WHAT THE TASK ASKS -> Among the entries below, one line contains "family of 5" and another contains "2021 New Holland". Transcribe those two lines and every line between them, exactly.

TASK DATA ->
○ ○ ○ ○

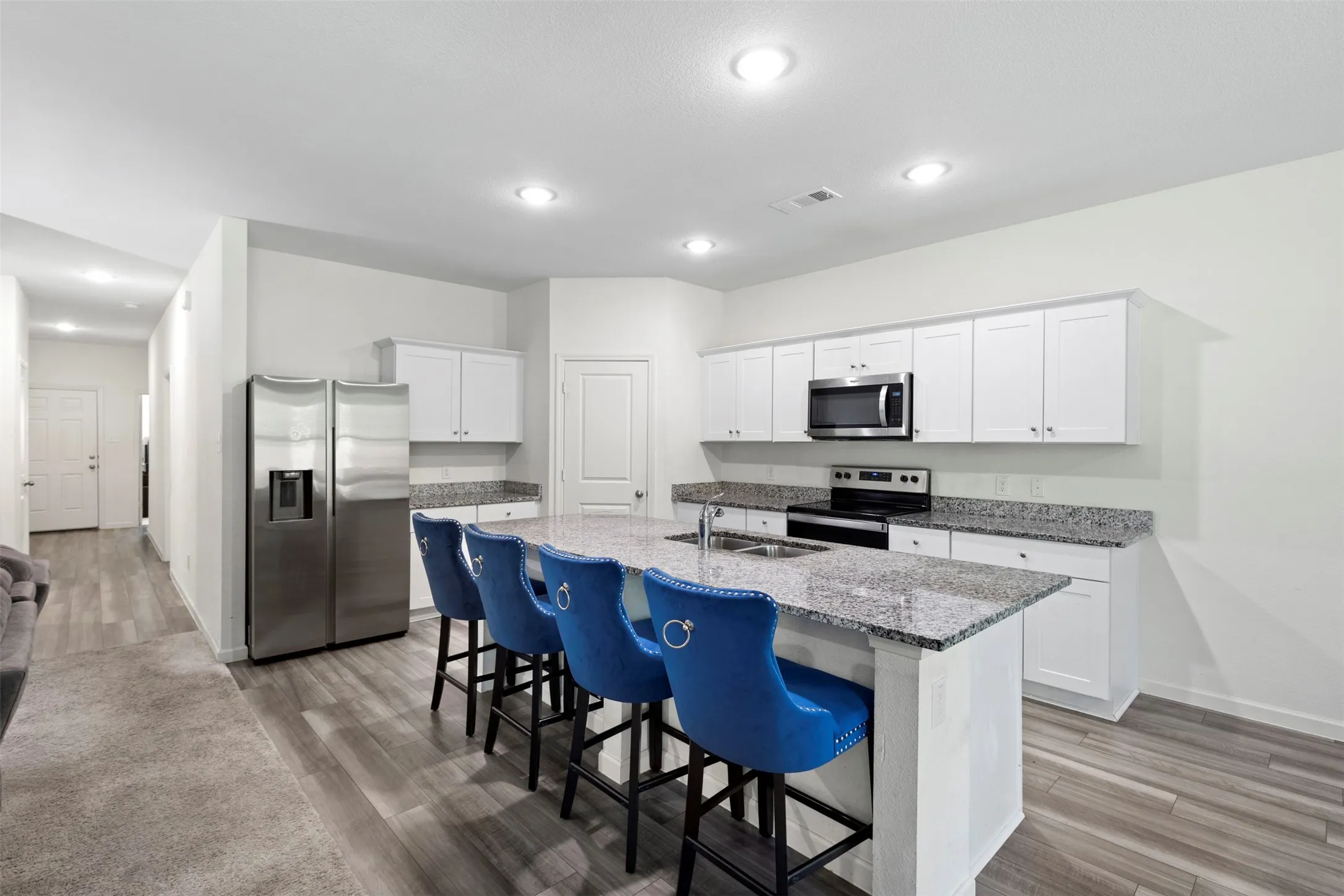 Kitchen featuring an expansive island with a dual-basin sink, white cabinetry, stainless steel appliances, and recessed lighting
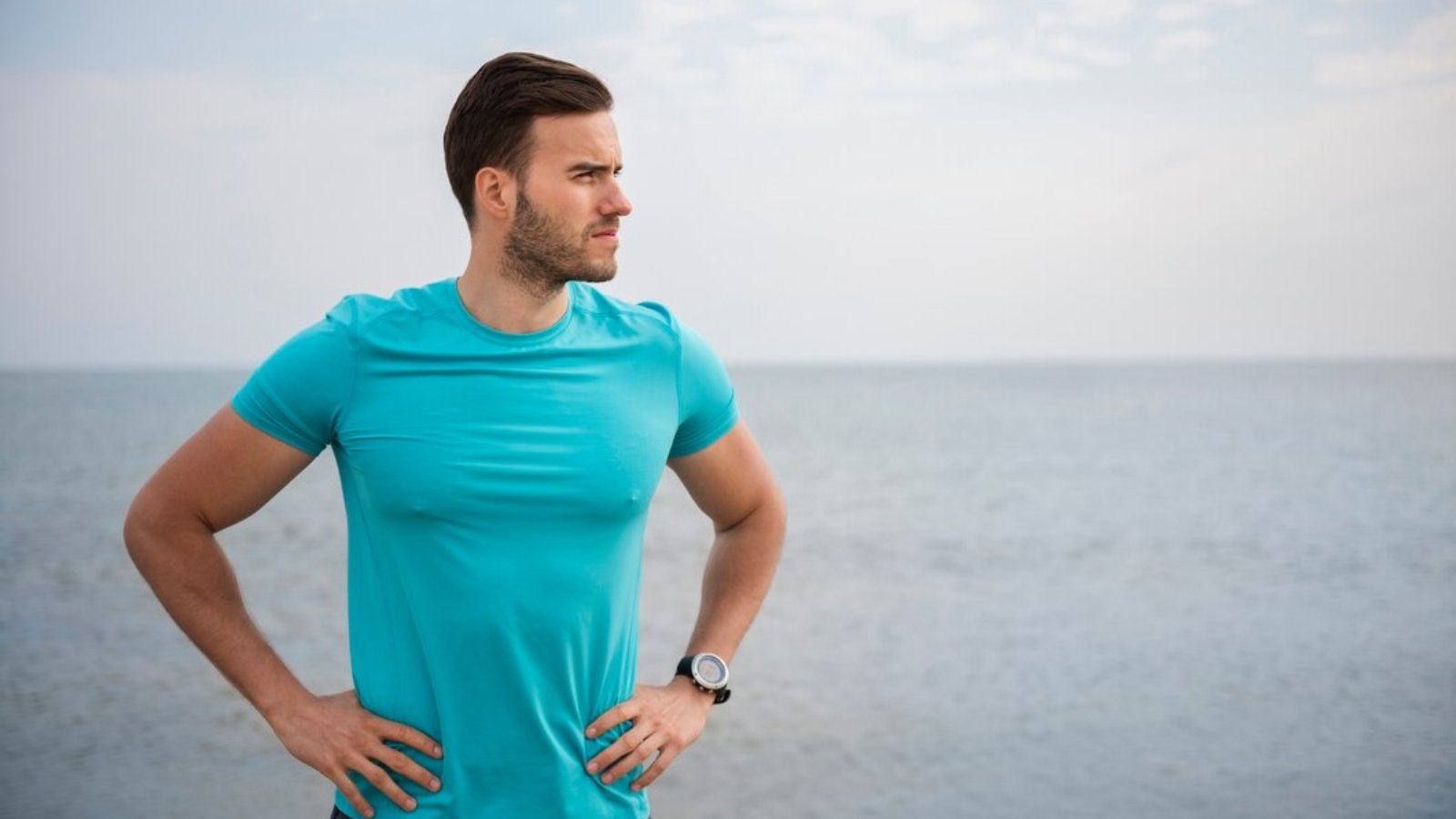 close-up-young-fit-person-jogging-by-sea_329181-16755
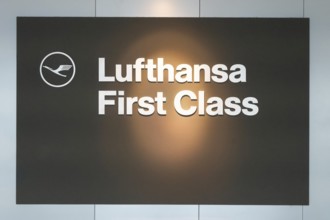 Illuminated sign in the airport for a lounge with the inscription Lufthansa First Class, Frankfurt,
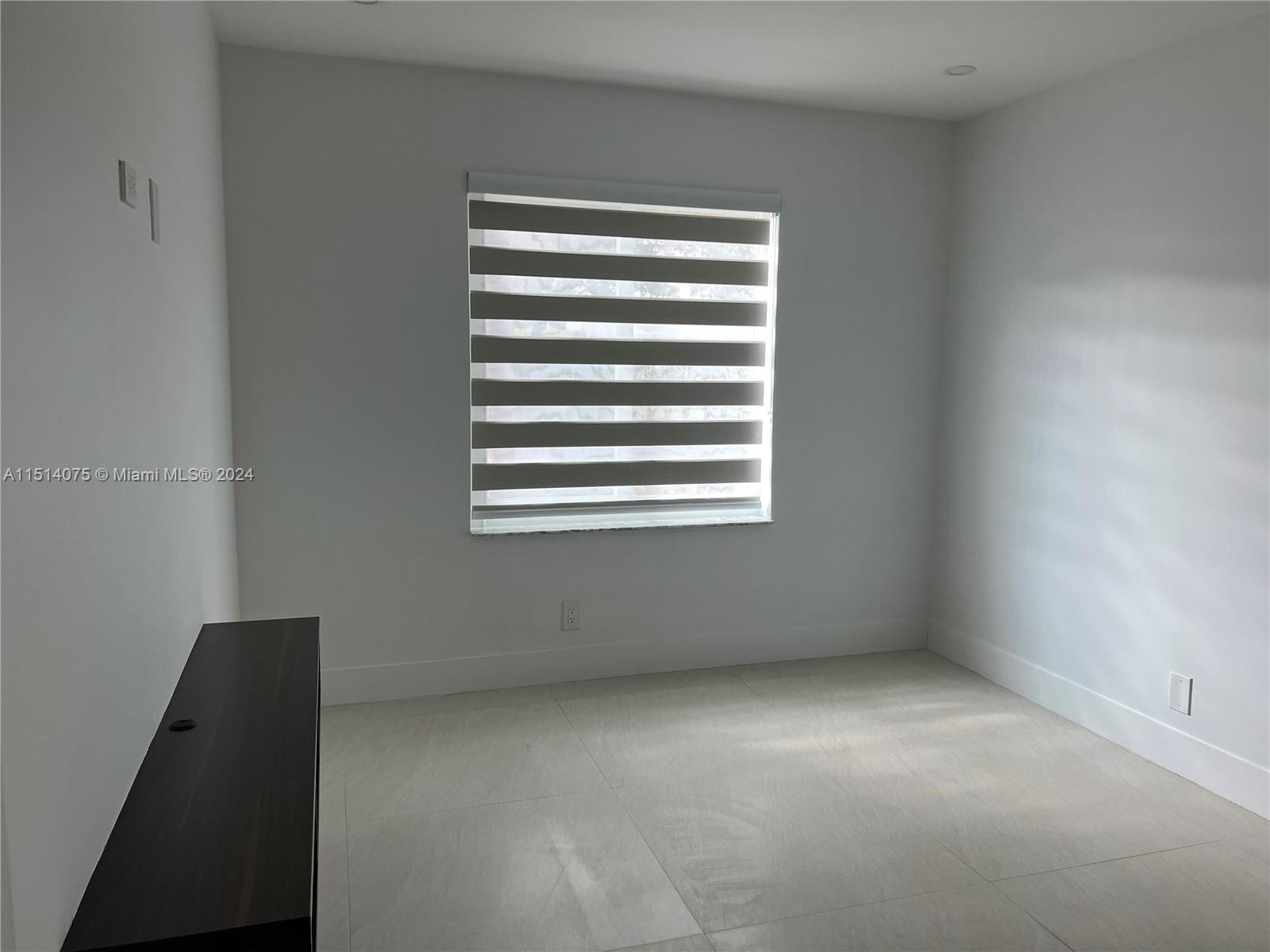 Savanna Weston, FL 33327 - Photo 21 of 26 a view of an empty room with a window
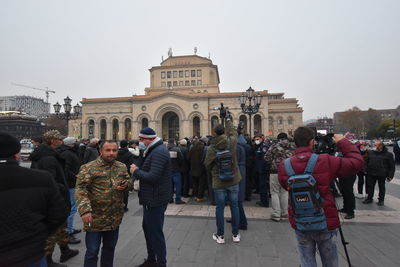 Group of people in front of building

○ ○ ○ ○

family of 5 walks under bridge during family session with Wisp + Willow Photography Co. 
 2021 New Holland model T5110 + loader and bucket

○ ○ ○ ○

YOUR RESPONSE ->
family of 5 walks under bridge during family session with Wisp + Willow Photography Co. 
 2021 New Holland model T5110 + loader and bucket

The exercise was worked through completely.